Abstract
Introduction
Introduction of embedded processors into Field Programmable Gate Arrays (FPGAs) exposes mainstream designers to a new field of CAD: hardware and software development of application specific embedded systems. This creates a conflict between two verification worlds. Software developers are accustomed to high-speed Instruction Set Simulators (ISS) with full visibility and controllability to the system, whereas hardware engineers use Hardware Description Language (HDL) simulators. Currently the latter is the only option provided for complete system simulation, which is clearly too time consuming as illustrated later in this paper.
This paper examines the usefulness of SystemC modelling to alleviate the gap between embedded software and hardware verification methods. Previous related work include, amongst others, SystemC modelling of an IP forwarding chip [1] , AMBA bus architecture [2] , multiprocessor SoC platforms [3] , and virtual in-circuit emulation [4] . This paper presents several different SystemC models of a complex embedded system executing uClinux operating system.
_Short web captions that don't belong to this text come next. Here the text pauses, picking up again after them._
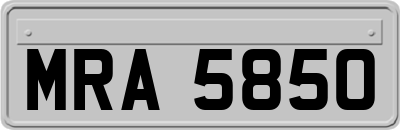 MRA5850
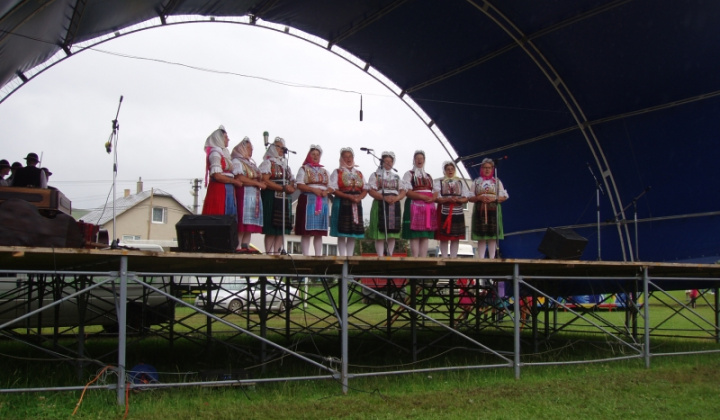 3. fotografia fotogalérie Kultúrne leto 2011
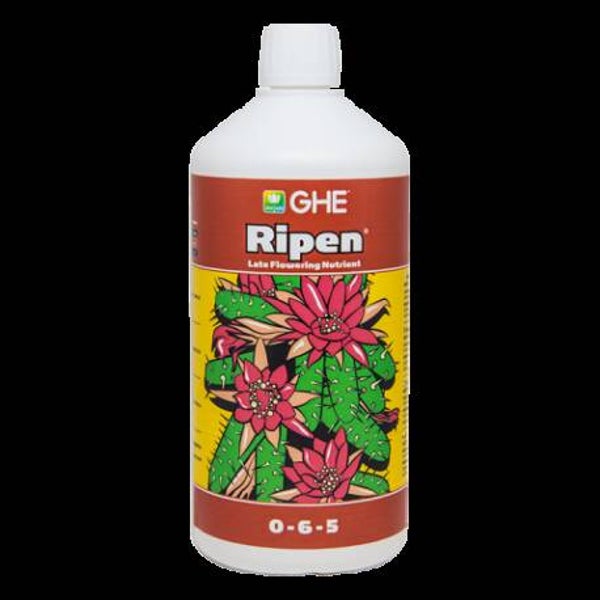 Ripen GHE Forçage fin de Floraison. 1/litre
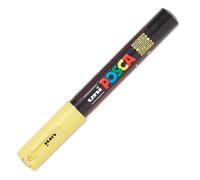 Mitsubishi Pencil Rotulador POSCA PC-1MC cónico 0,7–1 mm Amarillo sol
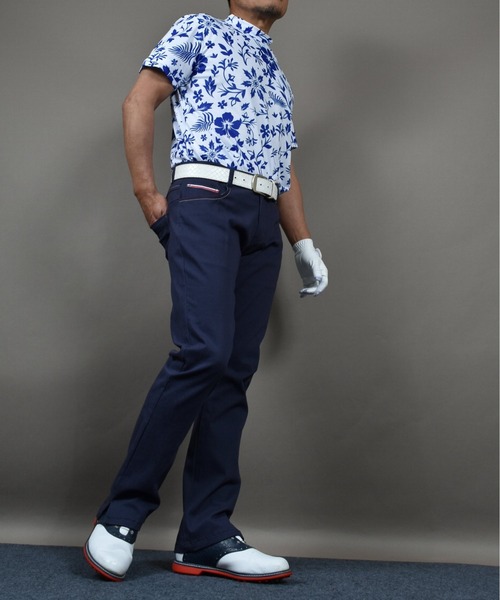 COMONGOLF（コモンゴルフ） ゴルフ トリコロール ライン 使い スリット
It is shown that there can be 8-fold difference in the simulation time depending on the used SystemC model.
The rest of the paper is organised as follows. Section 2 introduces the target system and the used SystemC tools. Section 3 briefly looks in to the HDL RTL simulation of the system. Sections 4 and 5 presents the cycle and noncycle accurate SystemC models and simulation speed results. Section 6 highlights some of the drawbacks and future improvement possibilities with SystemC modelling. Finally section 7 concludes the paper.
Target System
The target system is uClinux [5] running on MicroBlaze VanillaNet [6] platform depicted in Fig. 1 . Both the hardware version of the platform and the Linux port are created by John Williams [7, 8] . Publicly available third party platform and application was chosen to facilitate comparisons with our models. uClinux is a derivative of Linux 2.0 kernel intended for microcontrollers without Memory Management Units (MMUs). The MB VanillaNet platform is targeted to Insight/Memec V2MB1000 Virtex2 evaluation board and the range of peripherals reflects this.
All the simulations are carried out using IBM IntelliStation Z Pro with 3.06 GHz Intel Xeon processor with 2.5 GB RAM memory, running Red Hat 8 operating system with Linux 2.4.18-14 kernel. Each SystemC simulation result is an average of 50 data points: 10 different phases over 5 executions of the Linux boot sequence. From obvious reasons the RTL HDL simulation results are not from Linux boot sequence, but from a simpler program execution.
SystemC Tools
All the SystemC development tools used within this project are Free Open Source Software (FOSS). SystemC class library, including the source code is free and available to the public via SystemC portal [9] . In addition to standard Linux C++ development and shell tools, GTKWave waveform viewer and Data Display Debugger (DDD) were used. The availability of full set of FOSS development tools to carry out project with this magnitude indicates that the financial threshold for adaptation of SystemC form the tool cost point of view is negligible.
RTL HDL Simulation
The RTL HDL simulation is carried out in Mentor Graphics ModelSim SE 6.0 without any trace waveform. The used HDL model is generated by Xilinx Embedded Development Kit (EDK). As seen from Fig. 2 , which contains the results from all the presented models, the HDL simulation can be run with the speed of 167 Hz. With this simulation speed, it would take 1 month and 15 days to complete uClinux boot sequence.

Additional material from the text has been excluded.